Before jumping to an answer, my question is more than the difference between the current date and her birthdate.

Multiple times in the Voyager series, there is a time skew.

  • Blink of an Eye: Voyager is caught in a planet that progressed through time much faster than outside of space. Chakotay says "If our orbit starts to decay, Voyager will begin feeling the effects of the differential, and we'll begin aging hundreds of times faster than normal space
  • Relativity: Captain Janeway is pulled to the 29th Century by a timeship. She is likely deposited back in the 24th century at the same instant she was removed.
  • Time and Again: Captain Janeway goes a couple days in the past, due to a disaster (of course this timeline was reset, so it may not count)

Among others...

I'd calculate age as how long I have been alive, taking into account the speed of time in my location.

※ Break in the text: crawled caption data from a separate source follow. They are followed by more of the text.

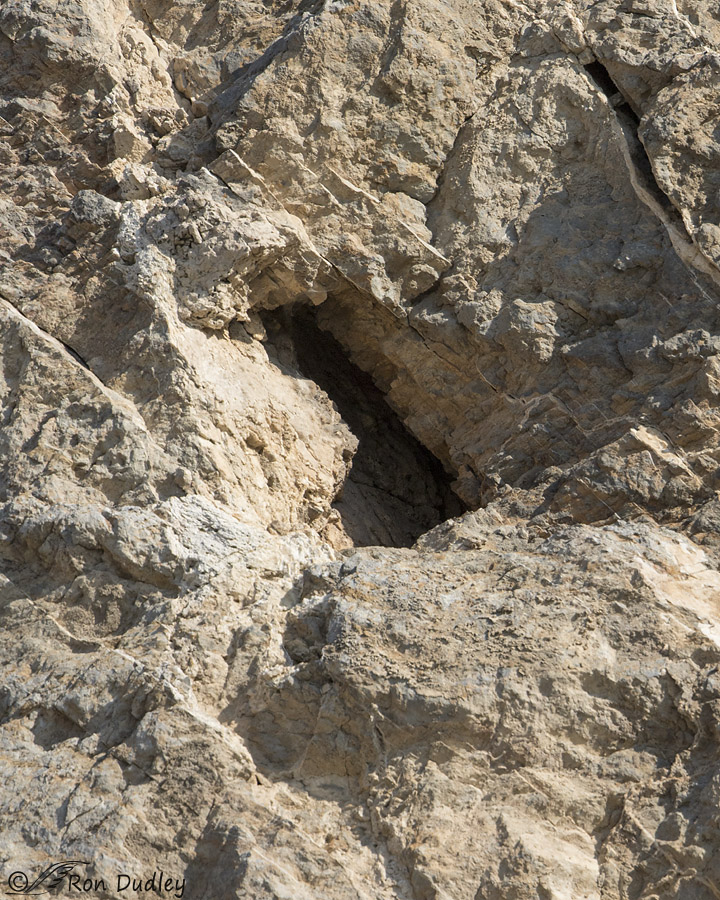american kestrel nest cavity 5363 ron dudley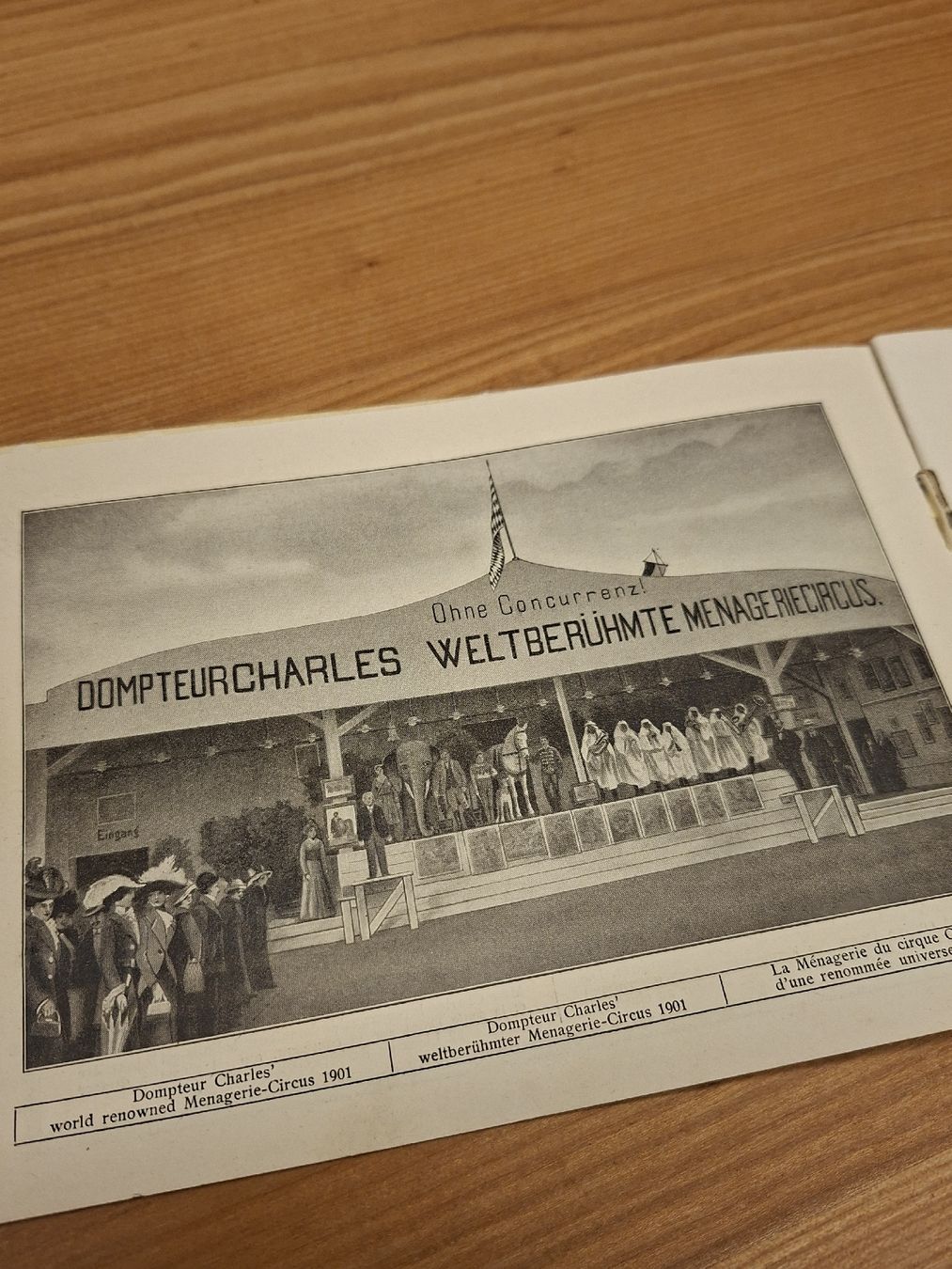 Documenti: Prospekt Cirkus Krone früher Charles 1901 – Usato da Ganterschwil venduto da HeidiuPeter 4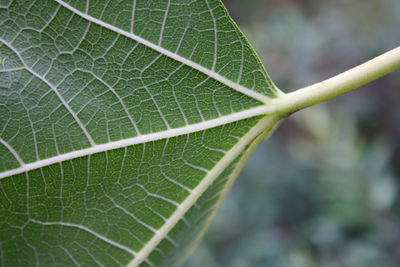 Close-up of plant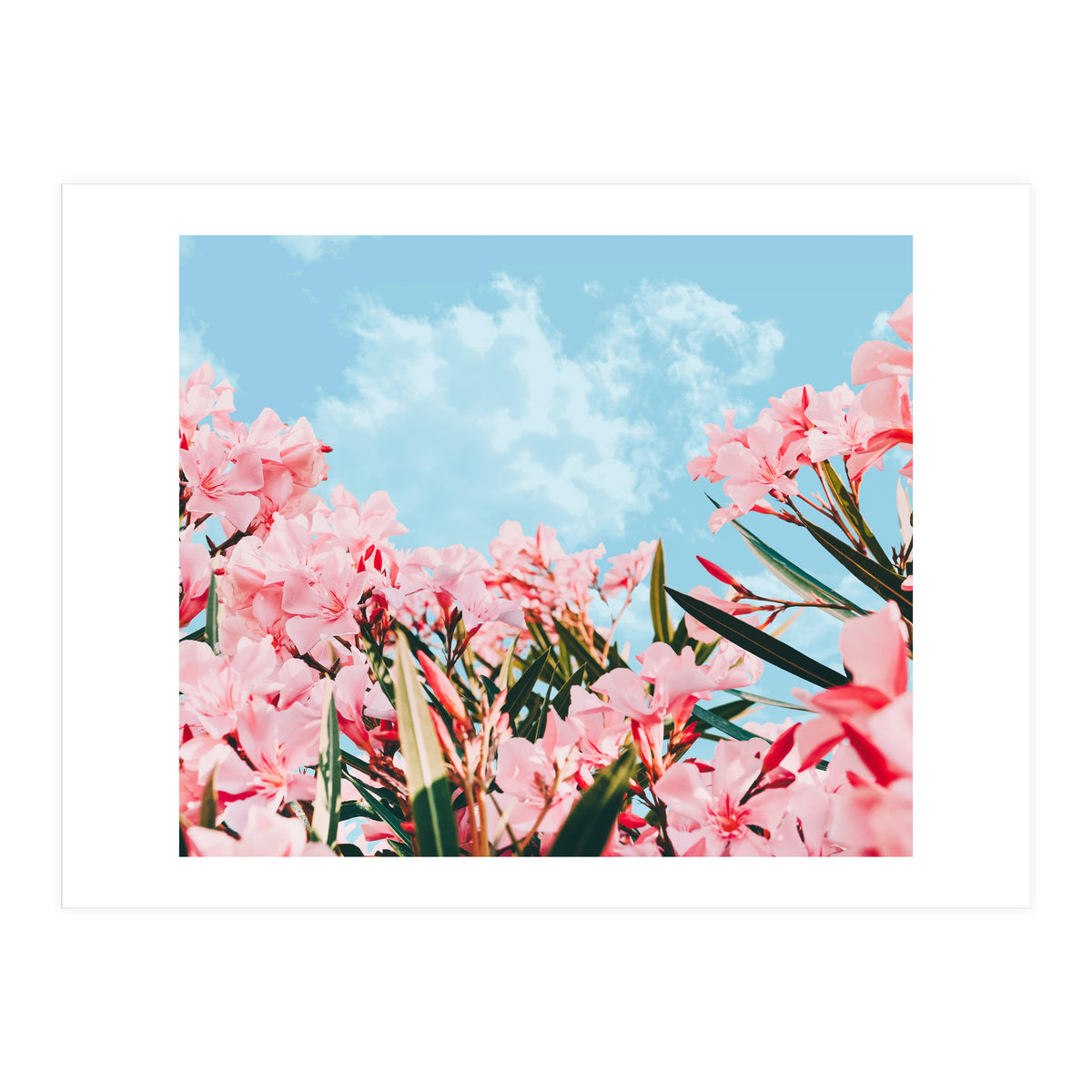 Blush Blossom II (Print Only)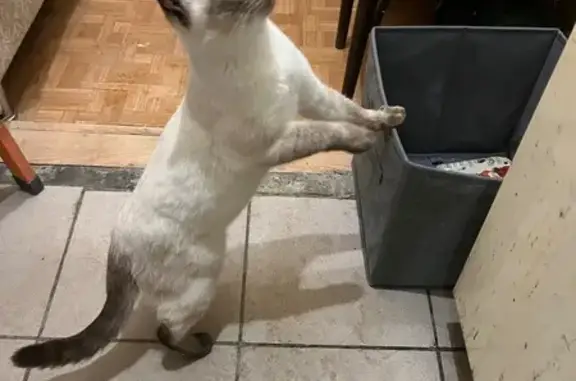 Найдена кошка, Екатеринбург, фото: Найден кот, Панельная улица, 11Б, Екатеринбург - ожидает хозяина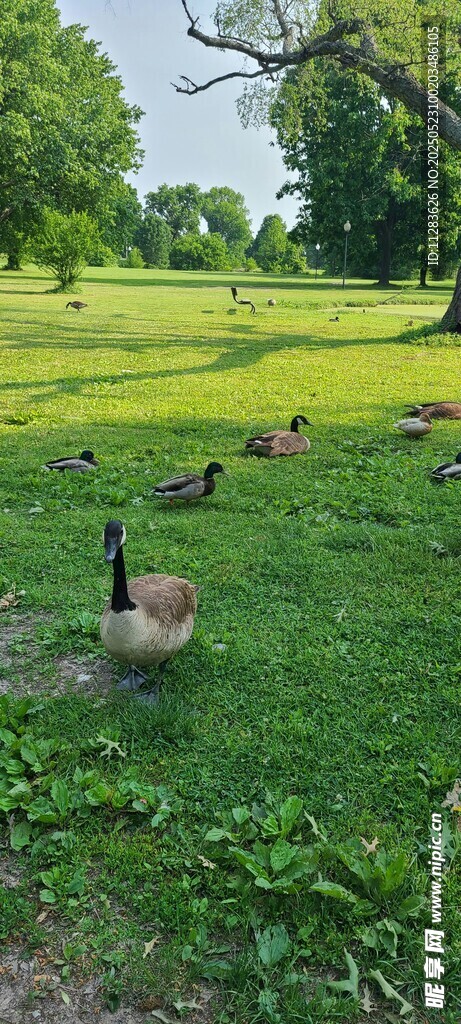 草地上的鹅群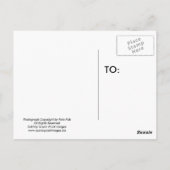 Mond-Lit-Nacht Postkarte (Rückseite)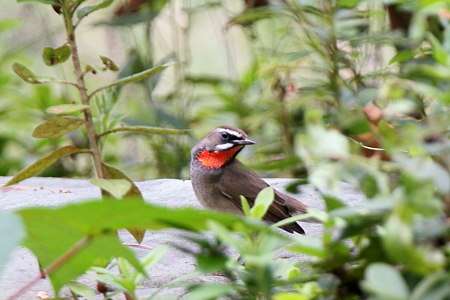 ノゴマ５IMG_4289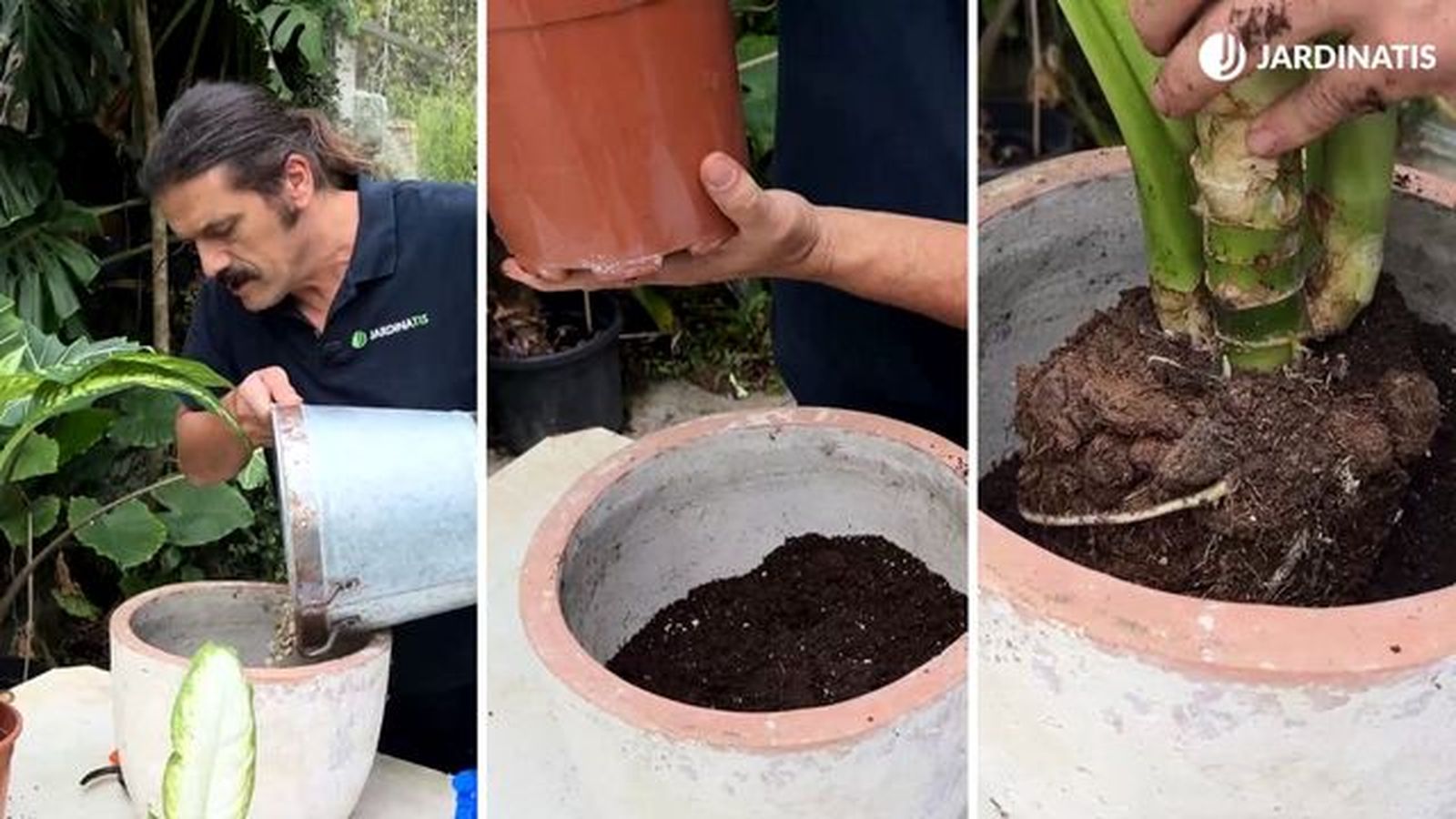 como trasplantar planta dieffenbachia jardinatis 23 33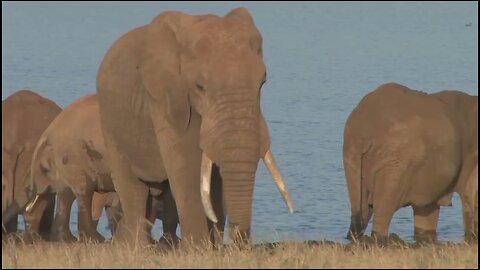 african wild animals - predators and prey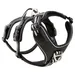 Wolters Geschirr Active Pro No Escape schwarz/silber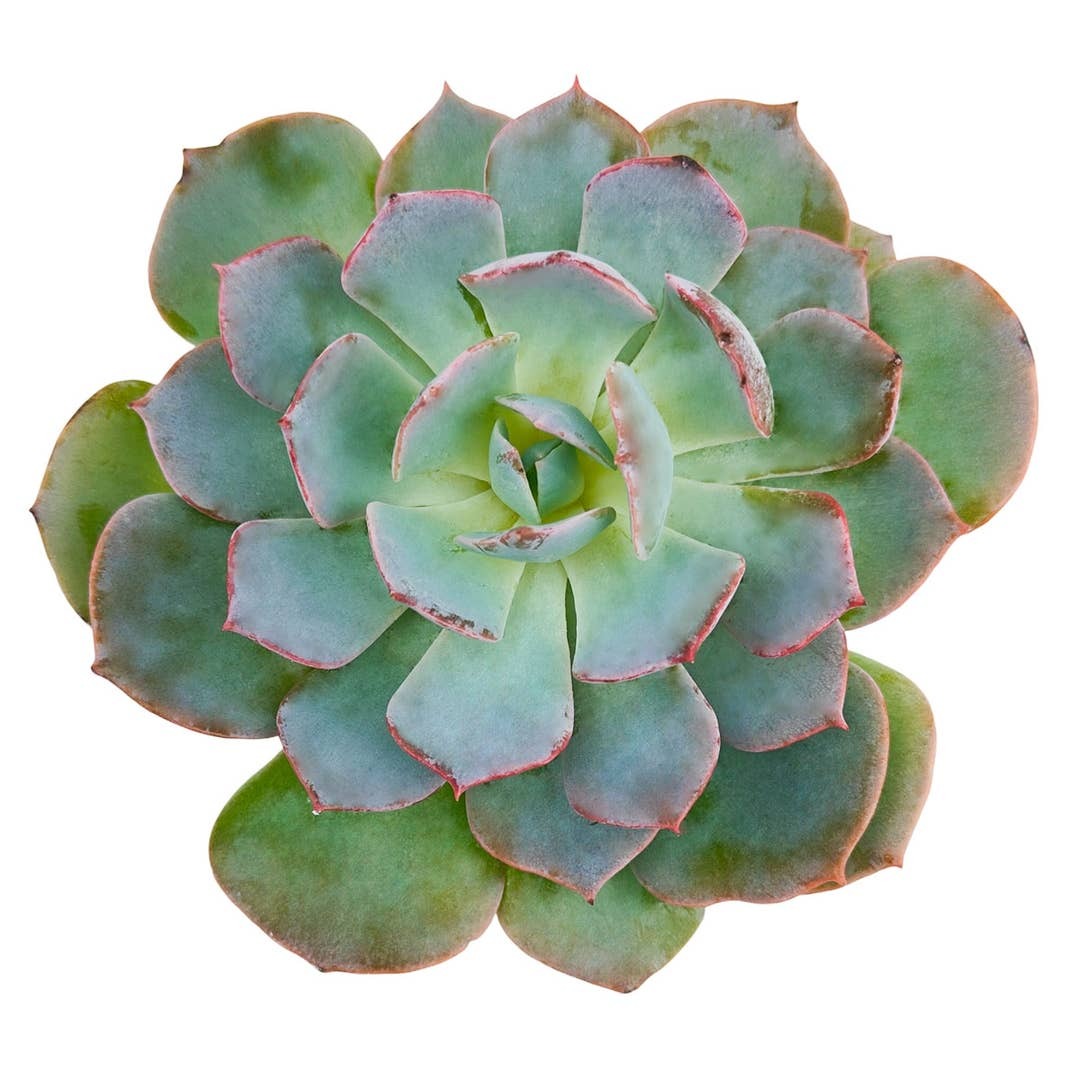 2 inch Echeveria Canadian, pastel color plants, colorful succulents, low-maintenance plants, succulent rosettes, easy-to-grow plants
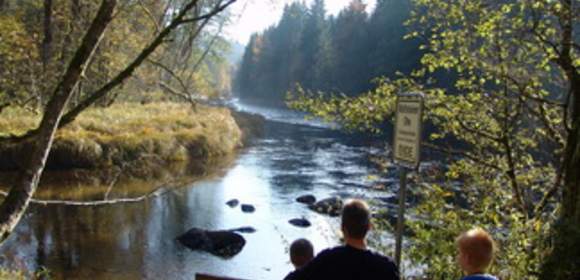 Baumwipfelpfad mit Nationalparkbesichtigung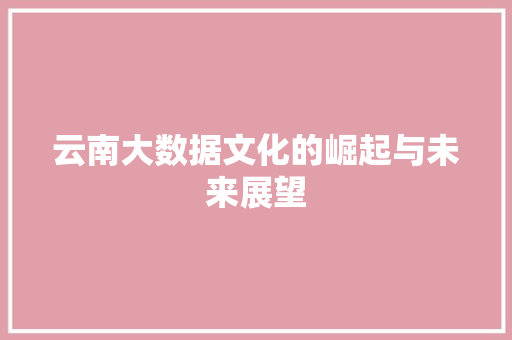 云南大数据文化的崛起与未来展望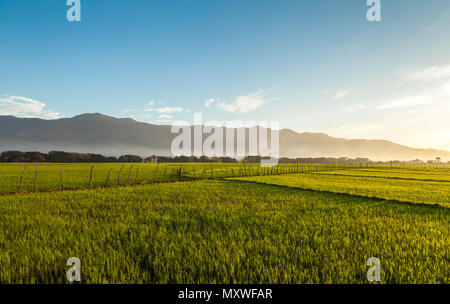 Reis Plantage auf der Kante des Berges Stockfoto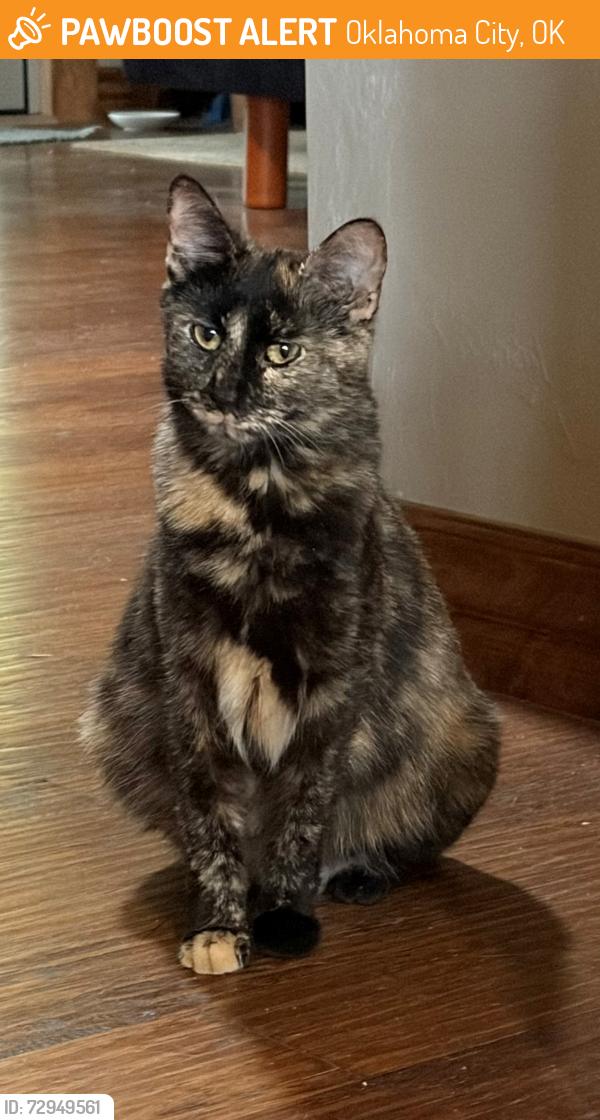 Found/Stray Female Cat last seen West Britton & N MacArthur, Oklahoma City, OK 73132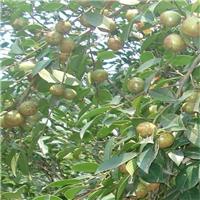 广西油茶苗批发、广西油茶苗供应商
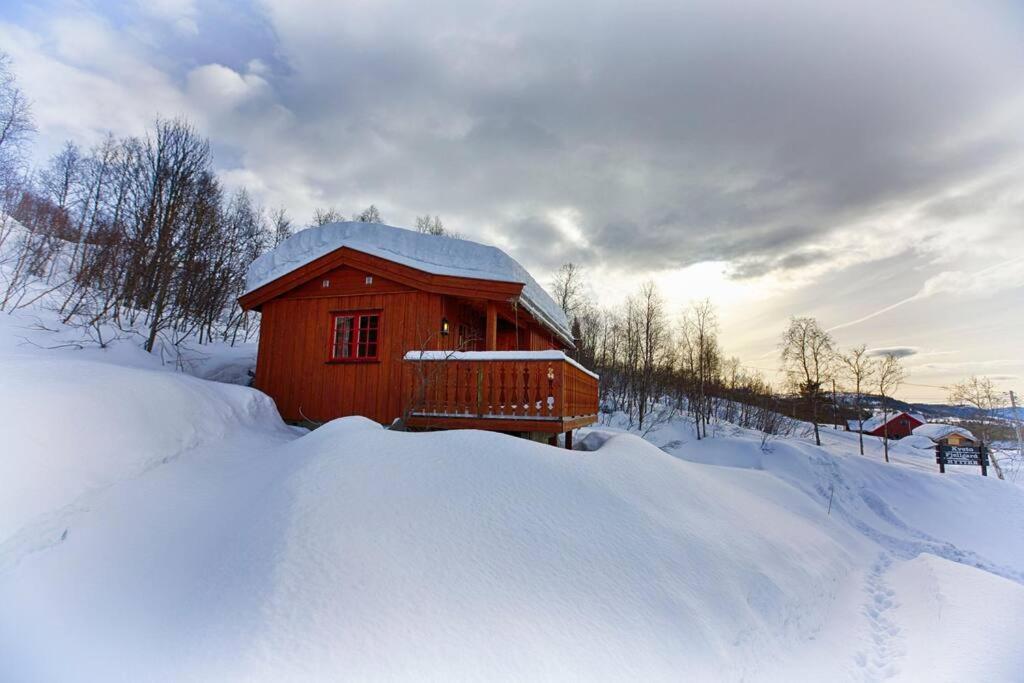 Kvetos Fjellhytte Holiday home Beitostolen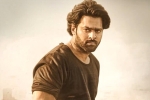 Prabhas and Maruthi film news, Prabhas and Maruthi new movie, prabhas to romance three heroines, Horror film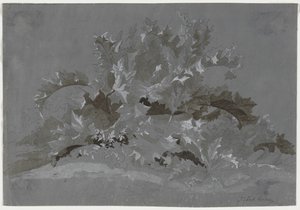 Badanie chwastów autorstwa Jean Antoine Linck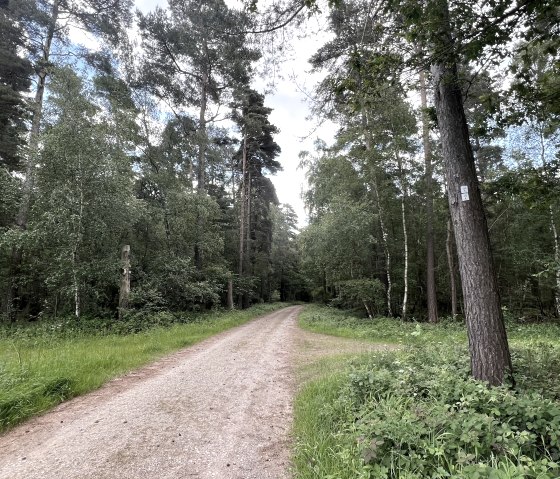 Entlang der Wanderung Nr. 43, © Rureifel-Tourismus e.V., Michelle Wiesen Entlang der Wanderung Nr. 43, © Rureifel-Tourismus e.V., Michelle Wiesen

So, taking into account all of the time skew, how old would Captain Janeway be?

  • The incidents you name seem to be negligible regarding her total age, as they all take place in a matter of days. Other than that, we don't know for certain when she was born.
    – bitmask
    Commented Sep 26, 2012 at 16:09
  • Given all episodes where she ages separate from the rest of the universe, her actual age is likely less than 3 days more than the difference in her calculated age stardate to stardate. Commented Sep 26, 2012 at 16:30
  • They might be negligible. But maybe we could figure out the approximate skew? Commented Sep 26, 2012 at 16:30
  • 3
    Also, don't forget the time she went Warp 10, became a lizard, and had children. Perhaps the warp 10 trip caused time to accelerate? Who knows? Commented Sep 26, 2012 at 16:32
  • 7
    I can confirm that having kids ages a person. Especially once they hit terrible twos. Commented Sep 27, 2012 at 1:33

1 Answer 1


While the show glosses over it, there's a difference between time travel and parallel universe creation, and it comes down to how many "copies" of a person there are:

  • In time travel, there's only one "copy" of an individual. That person somehow exits the normal flow of time and enters back in a different place.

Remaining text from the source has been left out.